🤖 AI Summary
This study addresses fairness issues in deep reinforcement learning (DRL) for de novo molecular design, which often arise from data biases, suboptimal reward function design, and inadequate evaluation protocols, leading to inequitable generation outcomes across disease domains and chemical scaffolds. The work presents the first systematic framework defining and evaluating fairness in DRL-based molecular generation, distinguishing between outcome fairness and distributional fairness, and elucidating their relationships with data partitioning strategies and reward mechanisms. Drawing on PRISMA-guided multi-source literature analysis, the authors propose quantifiable fairness metrics tailored to oncological and non-oncological indications—including disease subtypes—identify key determinants of fairness disparities, and thereby establish a theoretical foundation and practical guidelines for developing trustworthy and equitable DRL-driven drug discovery pipelines.
📝 Abstract
Deep reinforcement learning (DRL) is increasingly applied to de novo molecular design, but choices in data, rewards, and evaluation can yield uneven performance across disease areas and chemotypes.
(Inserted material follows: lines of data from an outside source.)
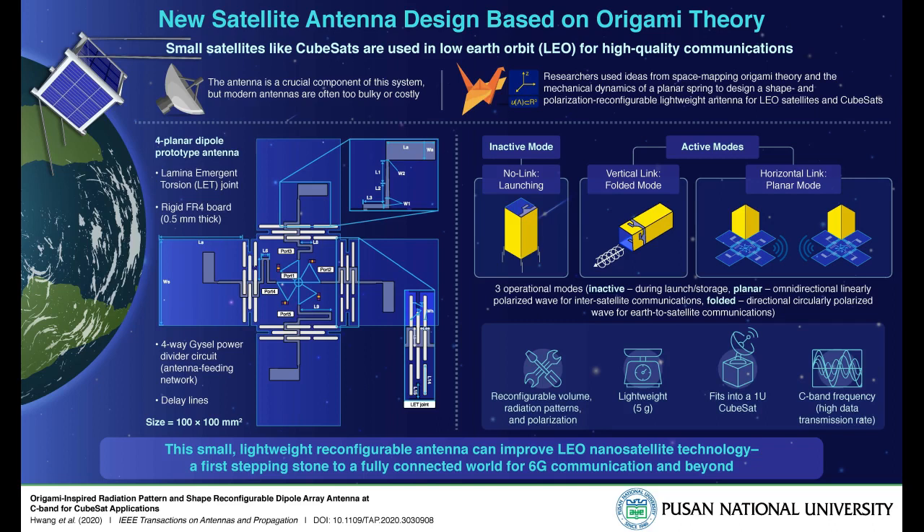Recently, researchers at Pusan National University, South Korea, and the University of Alabama, USA, developed a new deployable antenna for CubeSats used in low-Earth orbit. Interestingly, their design was inspired by the mathematics of origami, the Japanese art of paper folding, specifically a field called spatial mapping, which enabled them to decide on the best geometry for a foldable, deployable antenna.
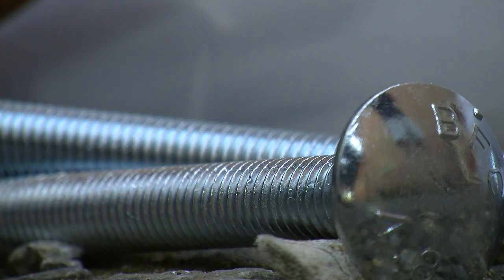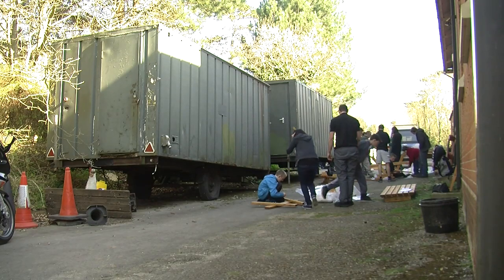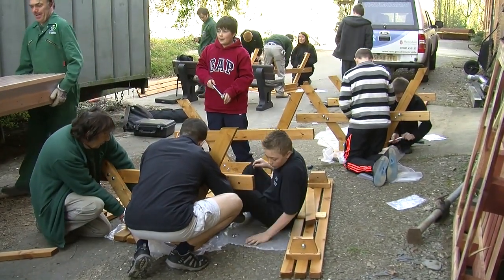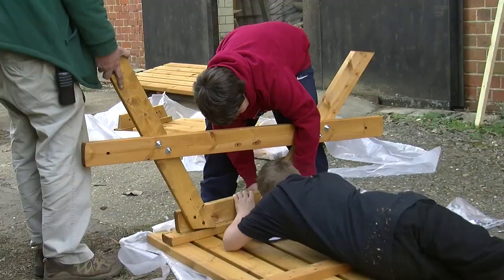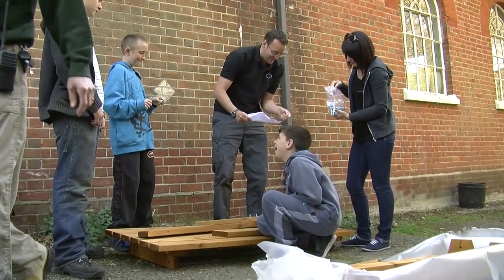We're at Royal Victoria Country Park today, a Hampshire County Council site just to the south of the city. We're a Polygon School, so we've got six lads from the school and we're making up some picnic benches. They come in kit form — we bought the kits and we're using hand tools: ratchets, spanners, screwdrivers — and we're actually assembling these picnic benches, which will then be put out into the country park for use by members of the public.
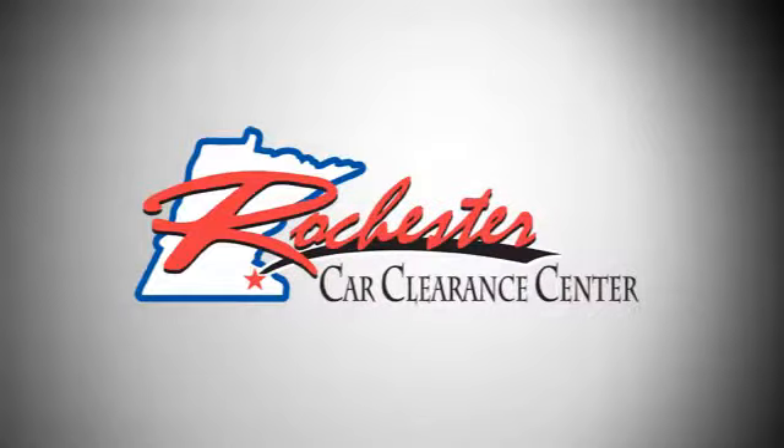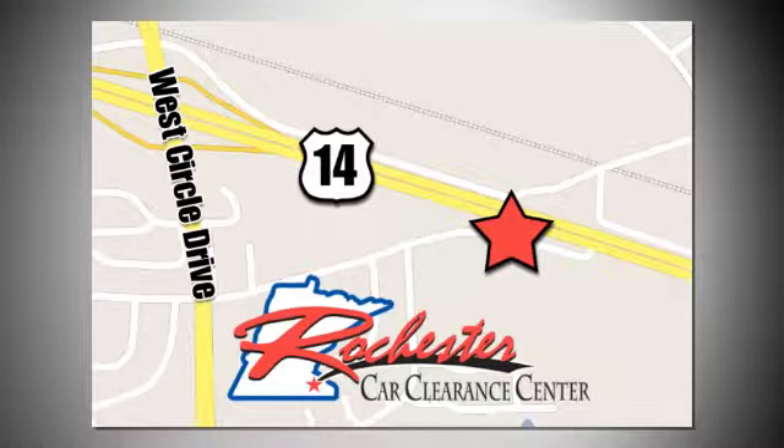At Rochester Car Clearance Center, you get our best price, bottom line. We are conveniently located on Highway 14 West near West Circle Drive.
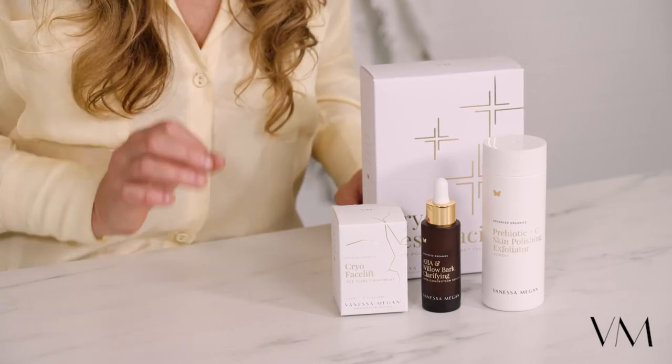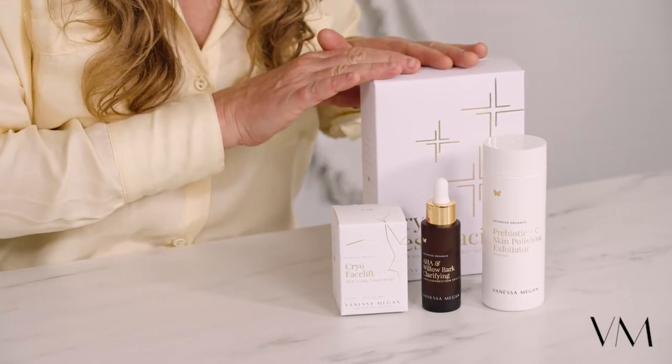The supernatural skin cell regeneration leaves your skin immediately plumper, brighter, and visibly lifted. Check out our before and after photos of this pack.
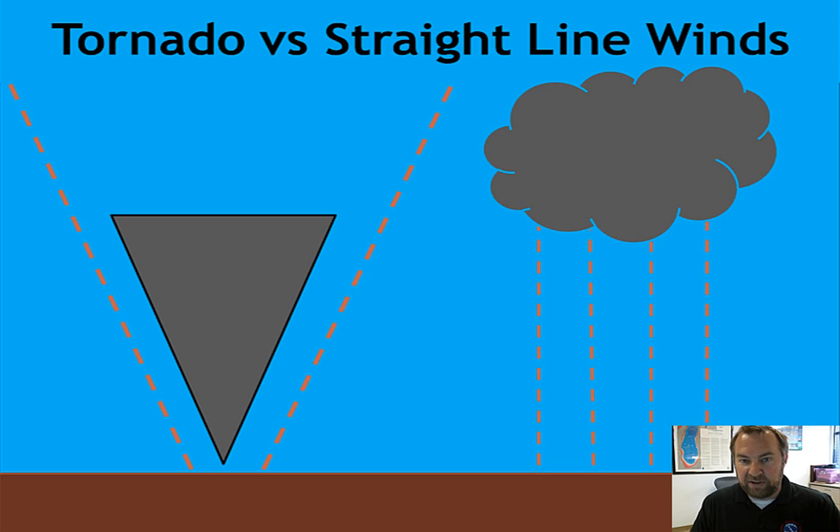The winds from tornadoes and straight-line winds can be about the same. If anything, the straight-line winds can be a little more dangerous because they're more widespread than a tornado, which cuts a small path along wherever it travels. Straight-line winds can extend along a long line of thunderstorms.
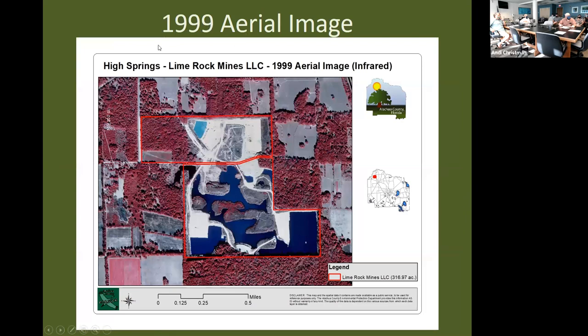This 1999 aerial photo shows the property around the time mining stopped on the south end — below the divided red line, which represents the historic footprint of a public road that crossed the property. South of that line, removal of lime rock had stopped around 1999, a little after mining started on the north side. So the south side has had longer time to recover — the vegetation has had a longer period of recovery — while the north end still has a little active mining going on.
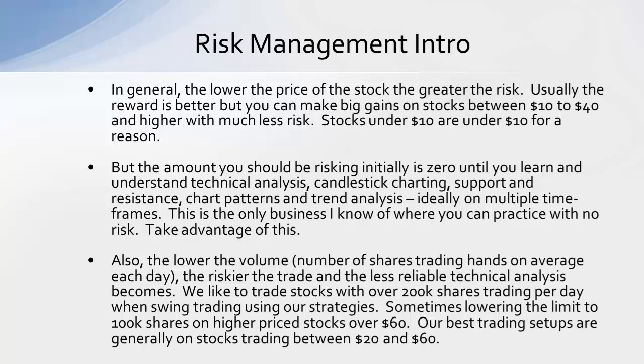If you get under $10, and especially under $5, that risk goes up quite a bit. The initial risk you should be making on each trade is zero until you learn and use technical analysis, candlestick charting, support and resistance, chart patterns, and trend analysis — ideally at multiple time frames. We want to take advantage of the fact that we can practice trade without risking any real money.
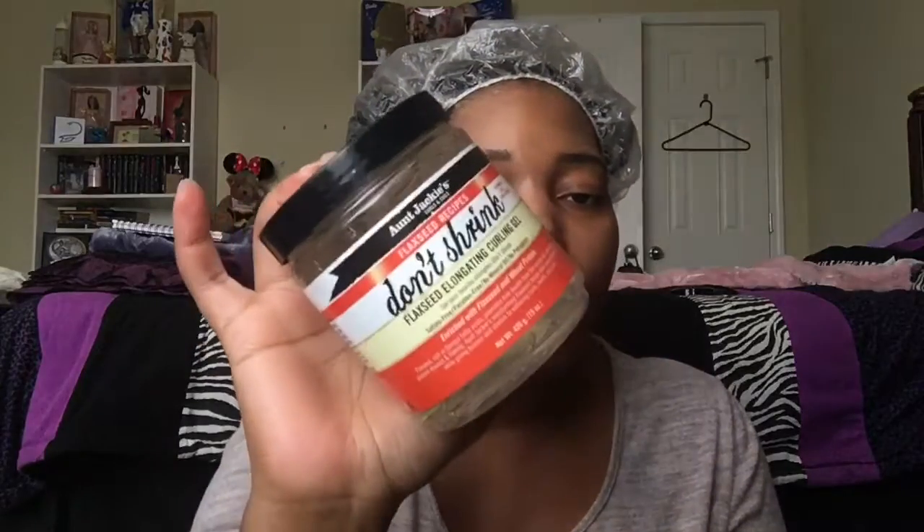And then I do have some repurchases. I also have the Aunt Jackie's Flaxseed Recipes Don't Shrink Flaxseed Elongating Curling Gel. I have done a video with this — I'll link it in the iCards. Love this gel. It had been a while since I'd repurchased it and I was missing it, so I went ahead and got another one. Fabulous gel — I love this with my almond and marshmallow combination, the leave-in and the hydration serum. I had amazing results. If you haven't seen that video, go check it out.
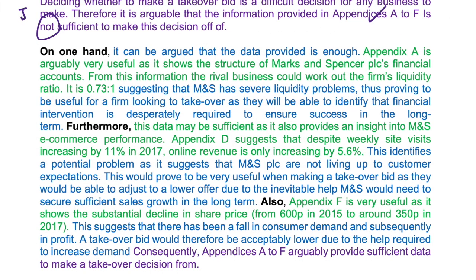On one hand, it can be argued that the data provided is enough. Appendix A is arguably very useful as it shows the structure of Marks and Spencer PLC's financial accounts. From this information, the rival business could work out the firm's liquidity ratio - it is 0.73 to 1, suggesting that M&S has severe liquidity problems, thus proving useful for a firm looking to take over as they will be able to identify that financial intervention is desperately required to ensure success in the long term.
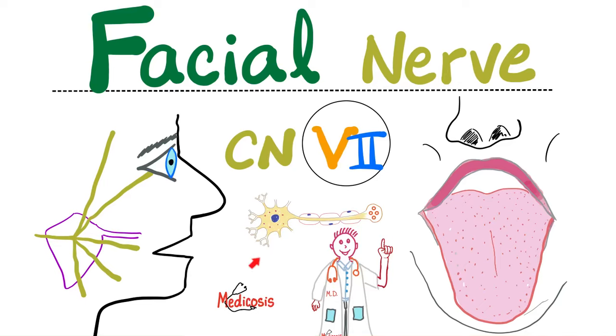What is going on, lovely people? It's Medicosis Perfectioneros, where medicine makes perfect sense. Welcome back to my neuroanatomy playlist. This is a series on cranial nerves. We talked about the first cranial nerve, or olfactory nerve, for smell.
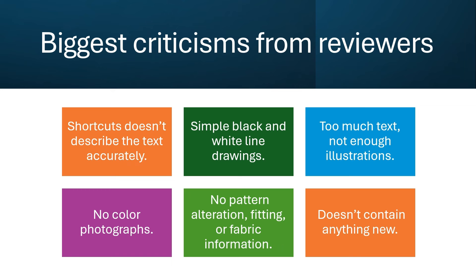All of these criticisms are true. Digitized illustrations had not arrived. Many of the techniques have been incorporated by pattern companies or taught by hundreds of teachers. So what was new in 1981 is no longer new.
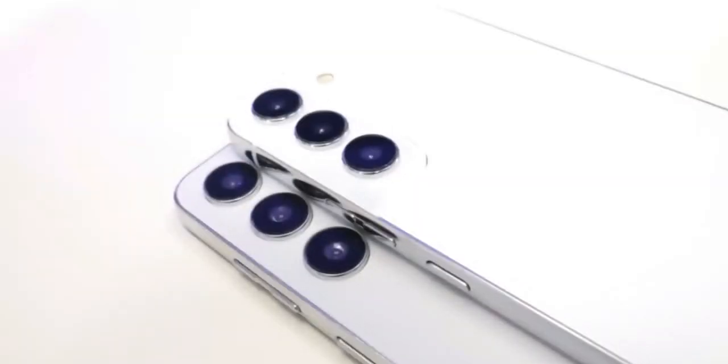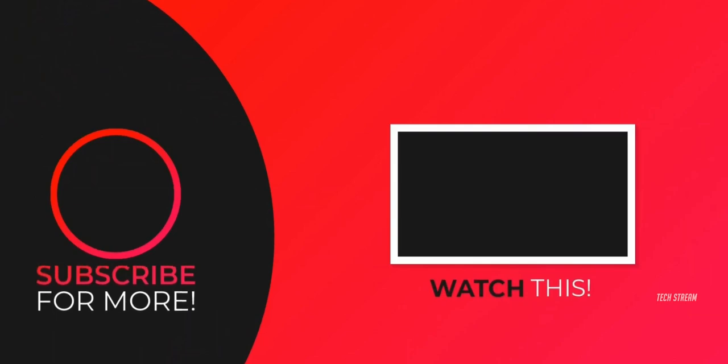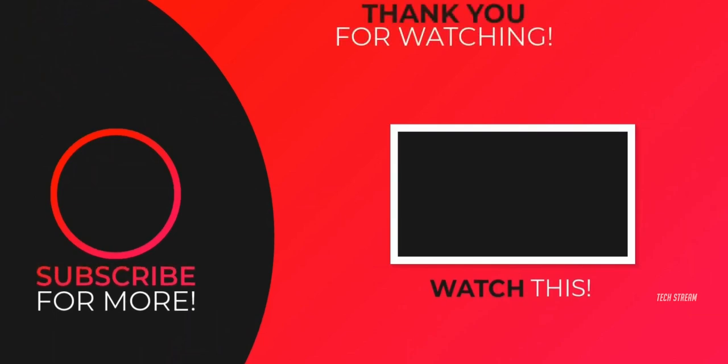So what do you think about the Galaxy S23 FE? Let me know in the comment section below. Subscribe, leave a like, and I will see you in the next one.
Despite this, there is no concise synthesis of how fairness is defined, measured, and tested in DRL-based drug discovery. In this rapid evidence review, we synthesize fairness definitions and metrics for DRL-driven molecule generation in healthcare. We focus on three questions: (i) how dataset composition and split strategies, especially scaffold versus random splits, affect evaluation and distribution shift; (ii) how reward design (e.g., QED, docking, toxicity, synthetic accessibility) can create or mitigate bias, with emphasis on cancer targets; and (iii) which measurable metrics best capture fairness. This includes parity across cancer versus non-cancer indications and across cancer subtypes. It also includes distributional balance in key physicochemical descriptors, scaffold/chemotype diversity, groupwise validity, toxicity, and synthetic accessibility. From 2017 onward, we searched major biomedical, computer science, and engineering literature databases and used arXiv for horizon scanning. Records were screened using PRISMA-style procedures and analyzed via content coding to link reported parity outcomes to dataset and reward choices. Our review provides a concise set of fairness definitions and metrics for DRL molecule generation. It offers practical guidance for reporting distribution parity and outcome parity. It also summarizes how dataset and reward choices relate to observed parity effects and identifies open gaps relevant to trustworthy, cancer-relevant DRL generation.